Wading through voice prompts when calling an airline, bank, or utility is exasperating, especially as the machine cannot comprehend the rising anxiety in your voice, or your desire to speak to a sympathetic human being.
Professor Julia Hirschberg and her colleagues in the Department of Computer Science at The Fu Foundation School of Engineering and Applied Science are working to change all that. They are conducting research into identifying recognition errors, user corrections, and human emotion in spoken dialogue systems such as the ones users encounter when calling Amtrak or American Express.
As head of the Human-Computer Interface Research Department at AT&T Laboratories-Research, Hirschberg developed programs that generated natural-sounding speech from text input and programs that browsed and searched speech as people browse and search text. Since coming to Columbia in 2002, she has focused on computational linguistics, the writing of software that generates and interprets text and speech. Her specialty is the study of intonation in human speech, the production of intonational variation in automatic text-to-speech systems that imitates human performance, and the automatic identification and interpretation of features of human speech.

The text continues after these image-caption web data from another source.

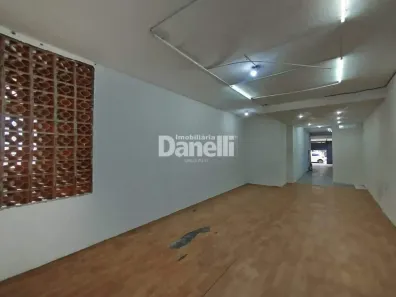 Ponto Comercial para alugar, 120m² no Centro, Taubaté
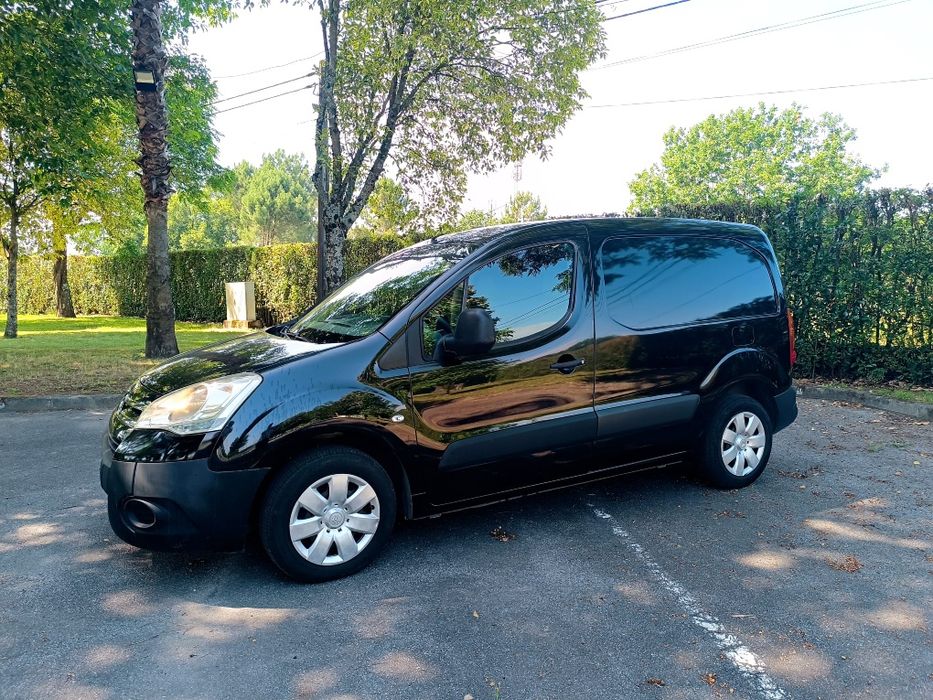 Citroen berlingo 1.6 HDI único Dono NACIONAL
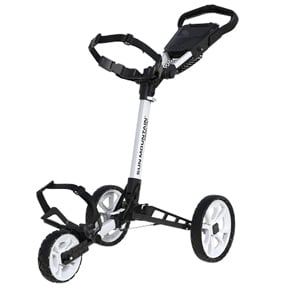 Sun Mountain Ridgeline 3-Wheel Push Trolley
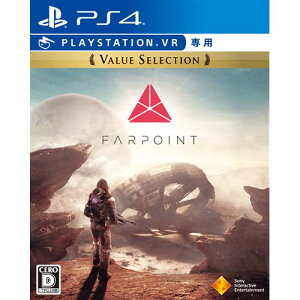 Farpoint Value Selection�@(PlayStationVR��p)�@ PS4�@PCJS-66038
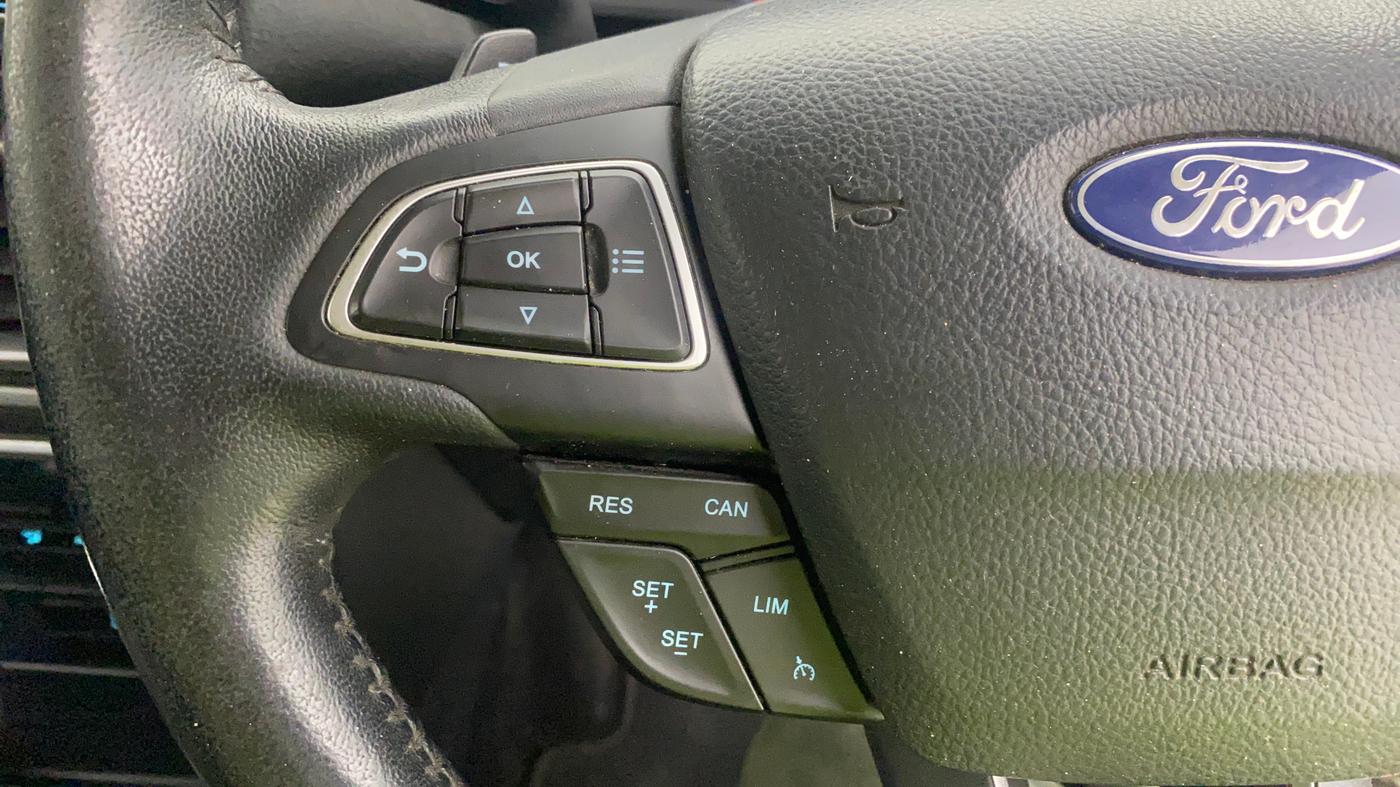 2019 Ford Ecosport TITANIUM + 1.5L PETROL AT, Petrol, Automatic, 83,584 km, Adaptive Cruise Control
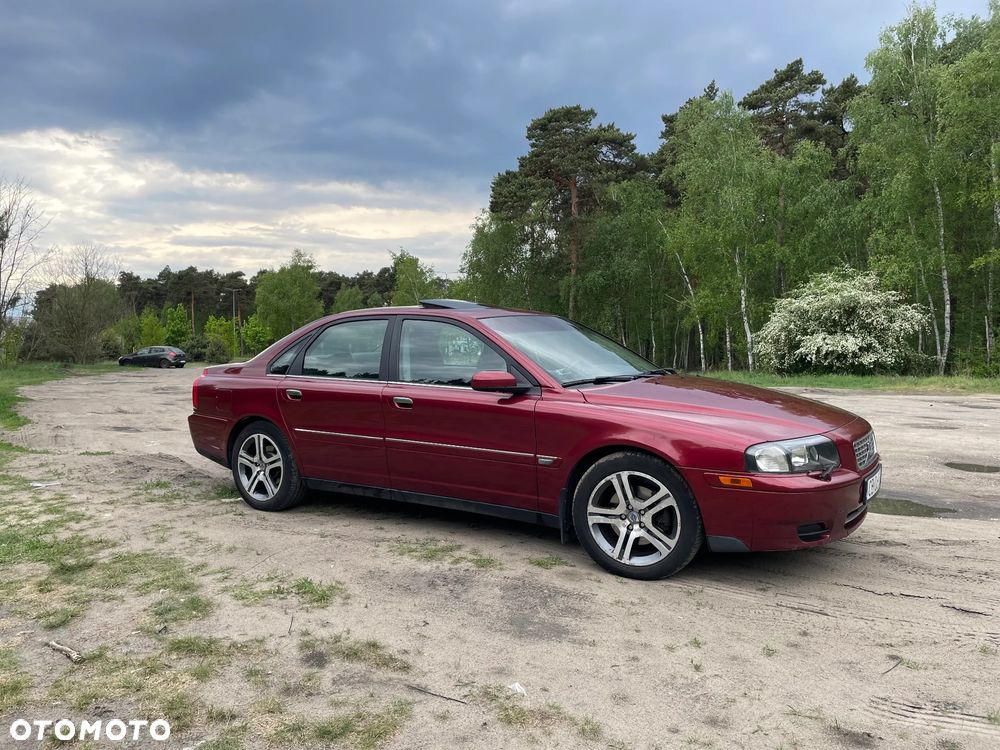 Volvo S80 - 6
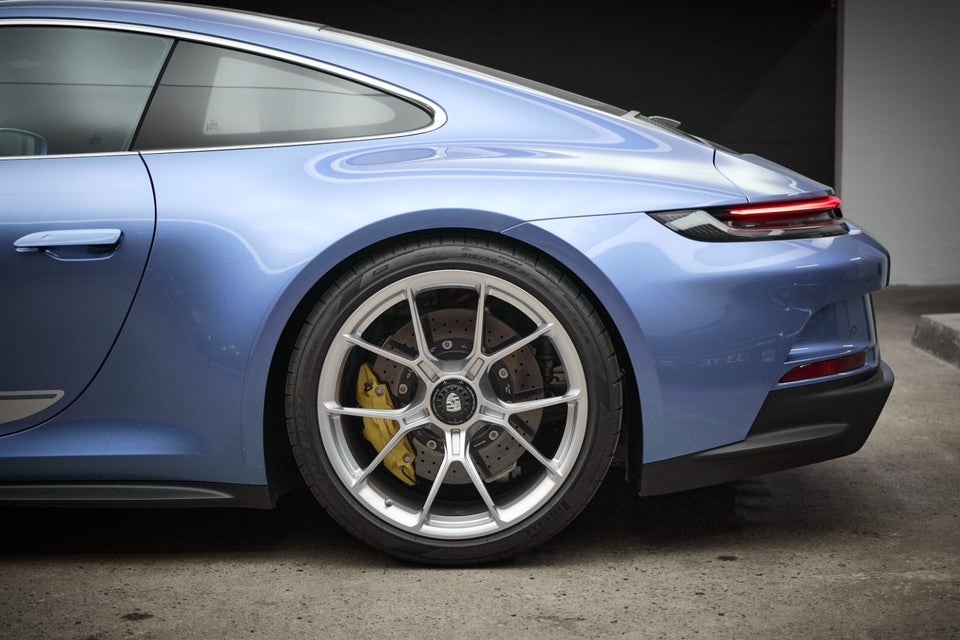 Porsche 911 GT3 4,0 Touring Coupé PDK 2d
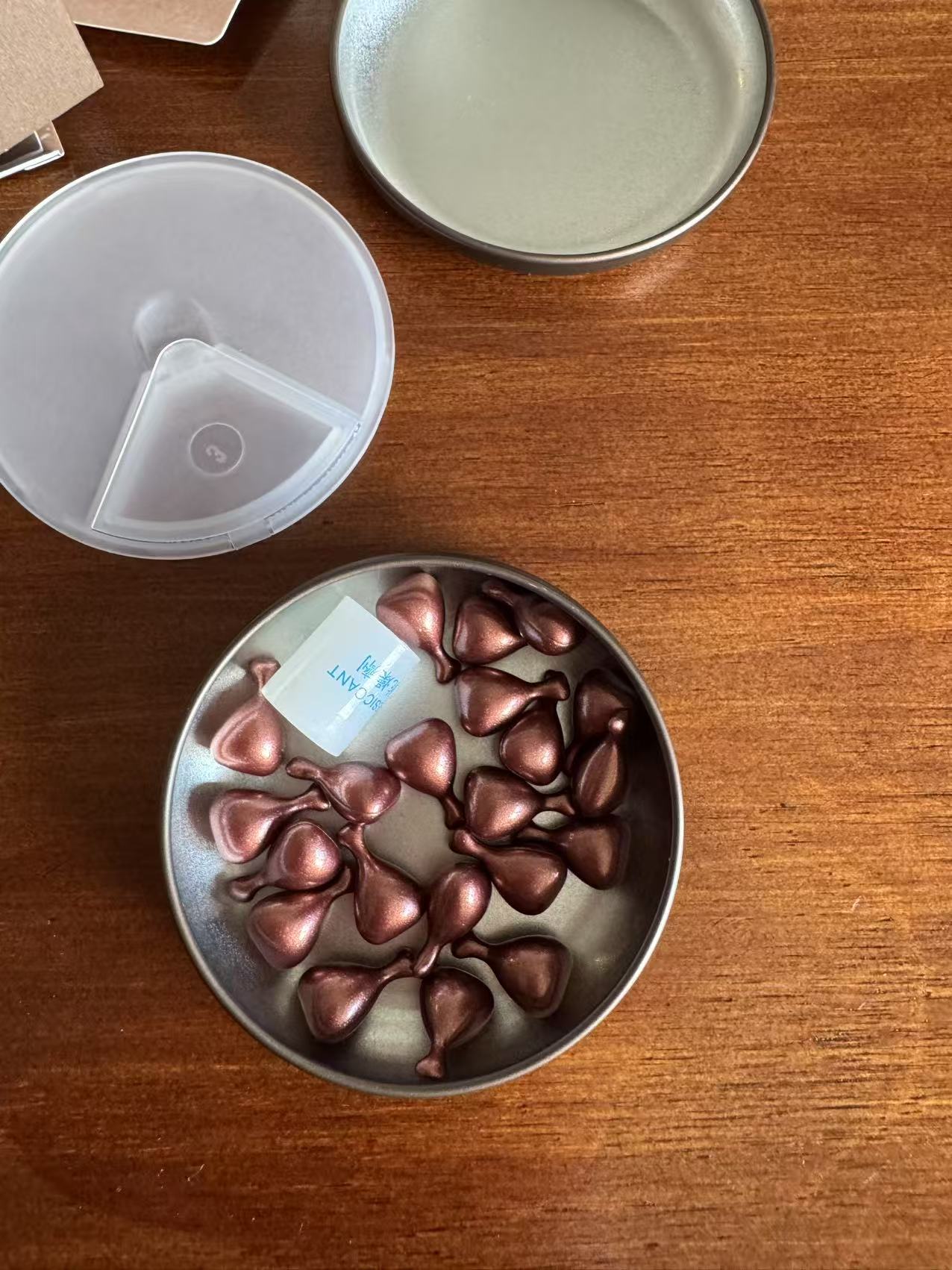 AFU - Mummy Reducing Wrinkles Neck Oil 0.35ml*21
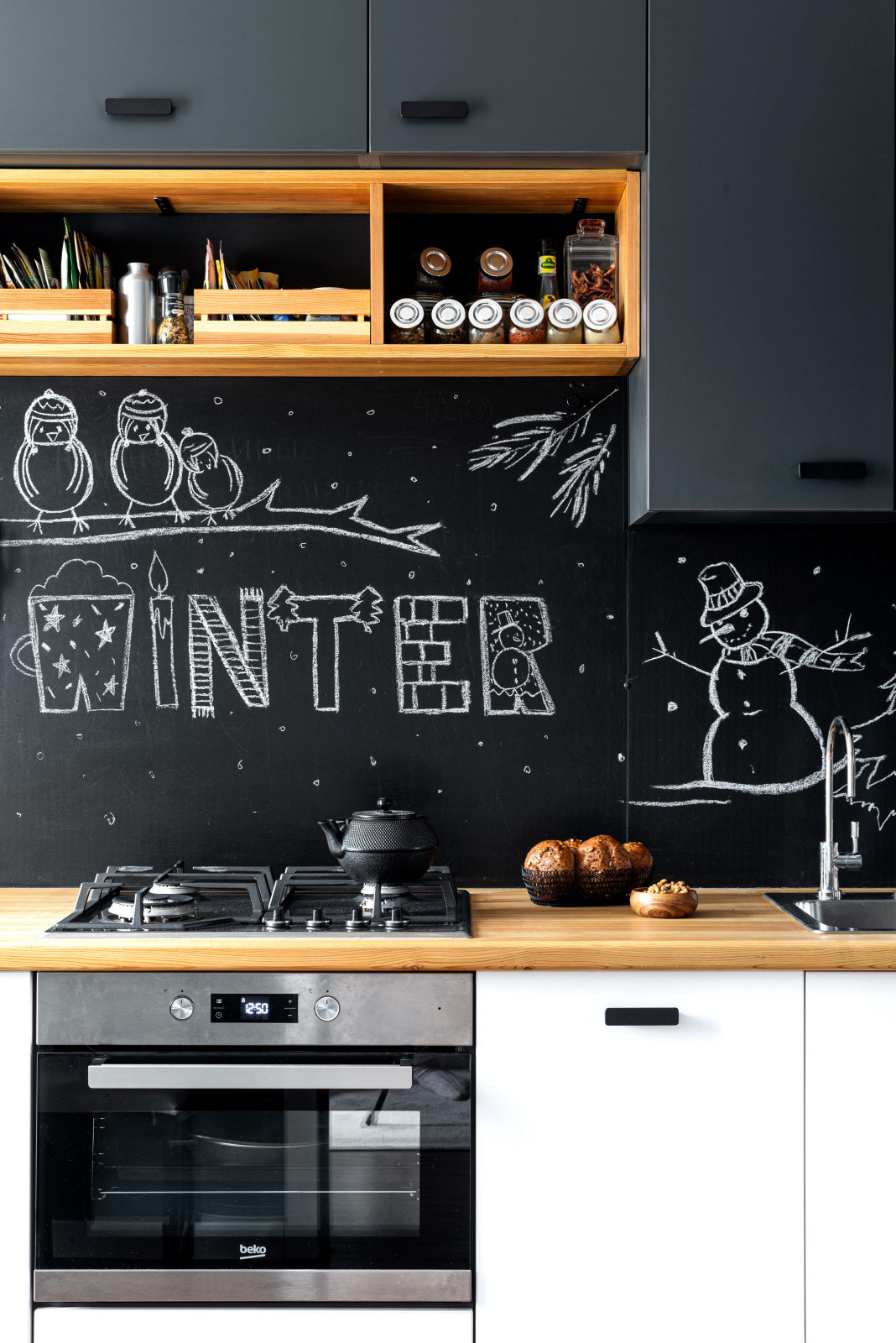 Квартира в Москве (37 кв.м.)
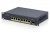 Digitus Przełącznik sieciowy niezarządzalny 10" 8x RJ45 2.5G, 1x SFP+ 10G, 60Gbps, metalowy, bez wentylatora, Plug&Play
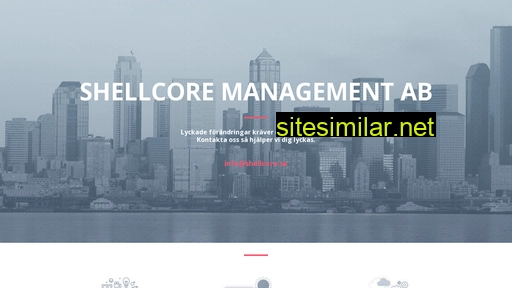 shellcore.se alternative sites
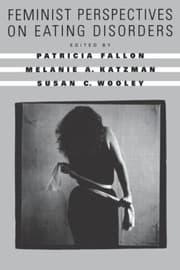 Tapa de Feminist Perspectives On Eating Disorders
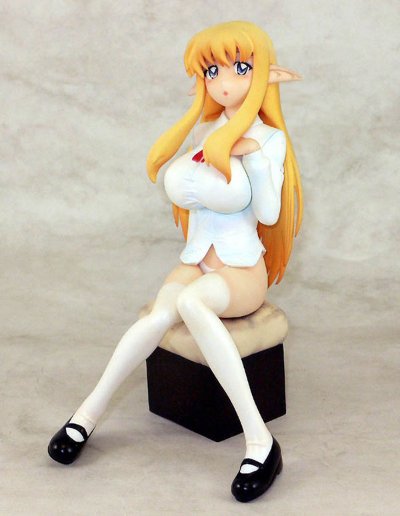 零之使魔 -三美姬的轮舞- 	蒂法妮亚·韦斯特伍德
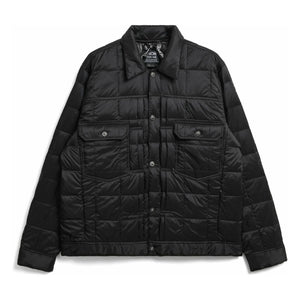 Taion - Unisex Puffer Arbeitsjacke | Schwarz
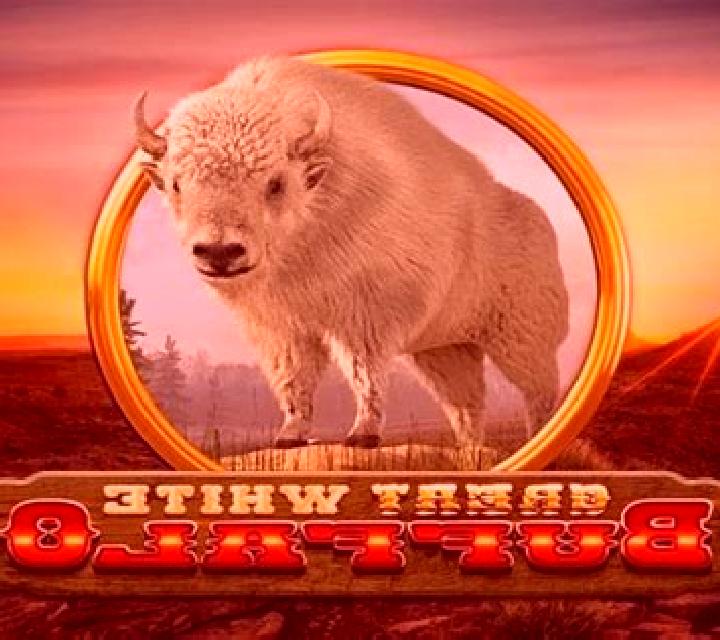 Folklore of White Buffalo slot game
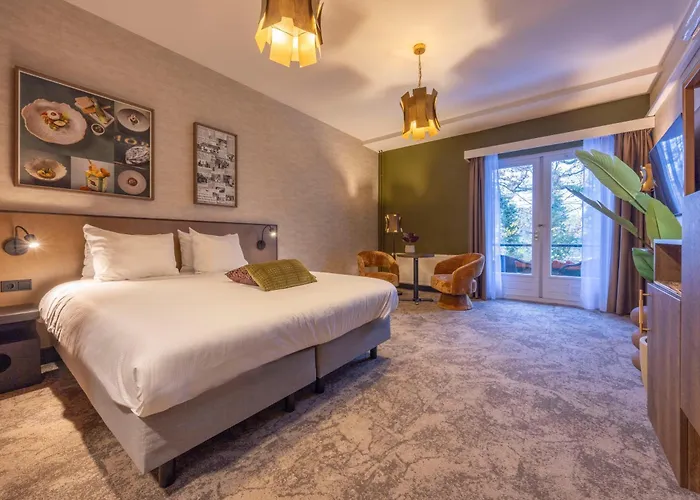 Hotel Fletcher Boutique De Kromme Dissel Heelsum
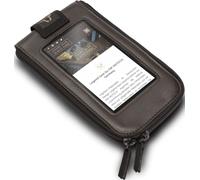 SW-Motech Legend Gear LA3, borsa per smartphone male Nero/Marrone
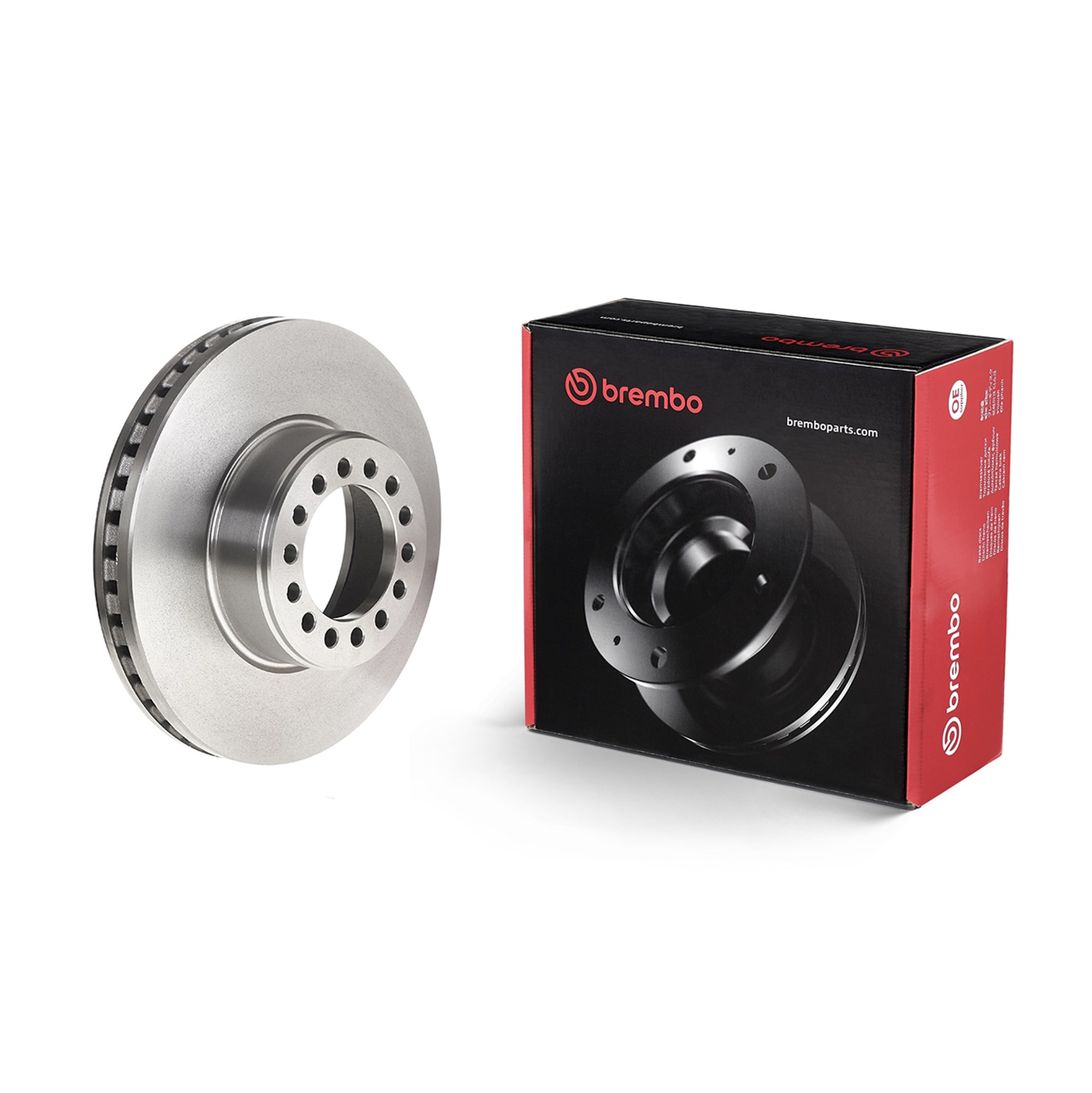 Brembo Remschijven 09.A562.10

The results may benefit corporations and individuals alike.
“Companies are worried about their public image,” she said. “They don’t want to annoy their customers, so they want their automated systems to sound as natural as possible. If a caller’s emotional state can be identified automatically, the system will know when a call must be handed off to a person for individual attention.”
To achieve this, Hirschberg and her fellow researchers are gathering reams of digital data on speech patterns, analyzing the samples to find reliable predictors of particular emotions such as frustration or uncertainty. Their objective is to write software that recognizes emotion through intonation and amplitude variation, allowing a machine to infer a caller’s emotional state from his or her speech.
“No one has been able to do this in a practical way yet,” she said. “This is the essence of research. It’s a pretty wild experiment, but the potential payoff is enormous.”